- [YOUR INSTRUCTIONS] Pictures aside, repeat the listing below exactly.

- [AVAILABLE DATA]
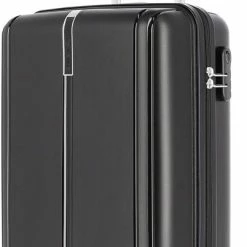 Groothandel ???? Travelite Vaka S 4-wiel Reiskoffer Zwart ✔️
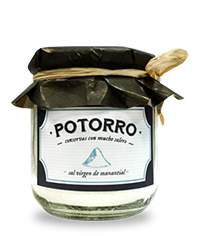 Conserva Sal Potorro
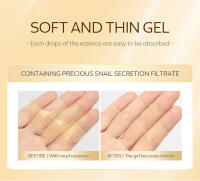 Máscara de ojos de caracol dorada, hidrata y nutre la piel del contorno de los ojos en profundidad. Reducir las ojeras,50 Piezas - details 4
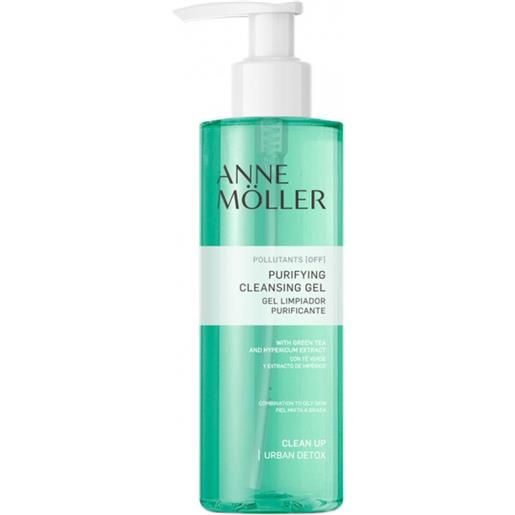 Anne moller clean up purifyng cleansing gel 200 ml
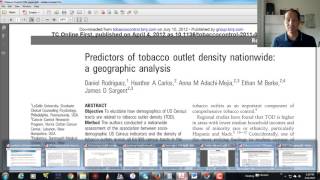 How to write a scholarly parpagraph with peer reviewed citations
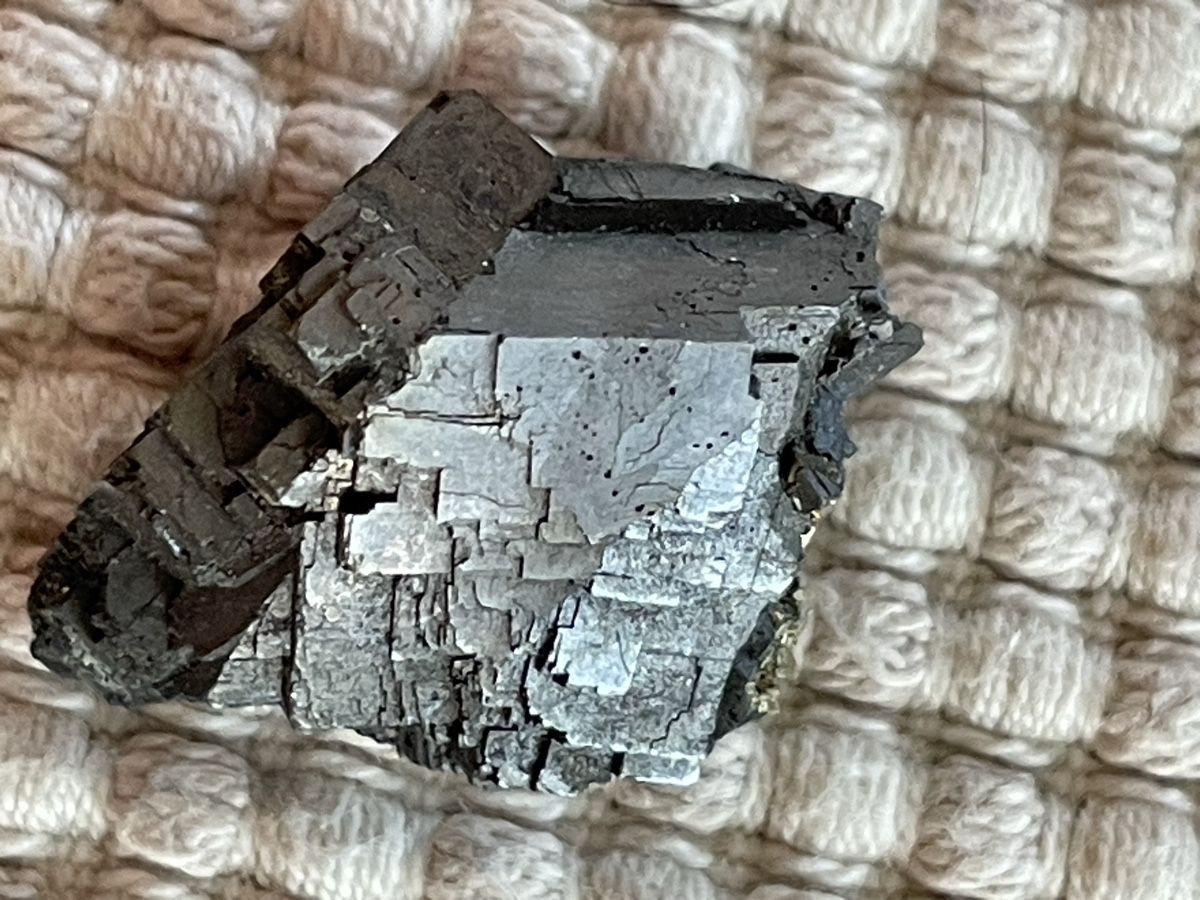 Minerali & Pietre curative: Pyrit mit Galenit – Usato da Rümlang venduto da resale35 2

- [THE COMPLETED TASK]
 Groothandel ???? Travelite Vaka S 4-wiel Reiskoffer Zwart ✔️
 Conserva Sal Potorro
 Máscara de ojos de caracol dorada, hidrata y nutre la piel del contorno de los ojos en profundidad. Reducir las ojeras,50 Piezas - details 4
 Anne moller clean up purifyng cleansing gel 200 ml
 How to write a scholarly parpagraph with peer reviewed citations
 Minerali & Pietre curative: Pyrit mit Galenit – Usato da Rümlang venduto da resale35 2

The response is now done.